The price of SSDs have dropped to below a buck for a gig price which makes them a viable price to combat HHD technology.
Intel has been offering $80 rebates on their 60GB and 120GB 320 SSDs, taking prices to $80 for the 80GB capacity and $110 for the 120GB capacity. It is also offering a $130 rebate on the 160GB capacity.
While this is a bit of a Black Friday sale, there are signs that the prices are falling across the board. In Blighty you can pick up an 80 GB model SSD for £112.50 on Amazon. It is a price which is down by nearly £70.
Intel SSD 320 has a SATA 3Gb/s interface and can manage a 270 MB/s Read, Up to 220 MB/s Write.
But it does seem that with prices like this starting to appear that HHD's days are numbered. It had been the price of the SSD technology which had managed to keep HHD alive. It had only really appeared in PCs where price was not really a problem, such as Apple gear. With the price being only a little more expensive than an HHD there is really little reason to say no.
While the 80GB drive will undoubtedly make my machine faster, it's not going to take all of my stuff. So it's not really a replacement at this point.
Get the price down another five-fold, so it's only twice the price for an SSD and I'll consider it for storage.
Since only prices for the 320 have been lowered it's fairly safe to assume that they need to clear some inventory before a new model comes.
Koutech IO-PESA234 PCI-Express 2.0 Low Profile SATA III (6.0Gb/s) Dual Channel Controller Card w/ HybridDrive Support.

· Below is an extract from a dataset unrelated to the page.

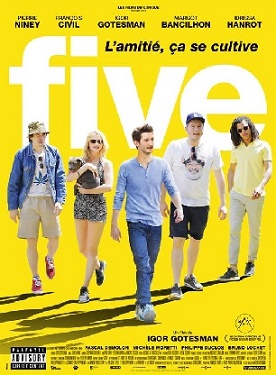 Cinéma : Five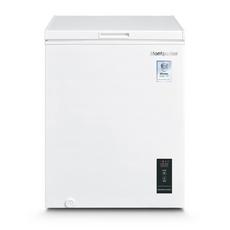 Montpellier MCF100WLED - 99 Litres Chest Freezer - White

It is only 5 GB/s in a x1 PCIe slot, but, its Marvell chip will let you build your own "Hybrid Drive".
SSD + HDD (mirrored SAFE mode will let you rebuild to replacement SSDs, or extended mode is like RAID 0)
You can pick and choose by directories what on your cloned Primary bootable system disk that you want accelerated from the SSD.
With the help of True Image Home, I'm booting with a Hybrid paired 600 GB Velociraptor and 256 GB SSD.
Marvell 9130 chip uses an Apache browser based software app to maintenance and optimise the SSD. It is worth it, only if you're postponed to fledging everything in SATA3, or you can't get a big enough capacity SSD for your PC boot partition and you actually have an unused 1x PCIe slot on your motherboard. You need to enable AHCI in Windows 7 and bios, first.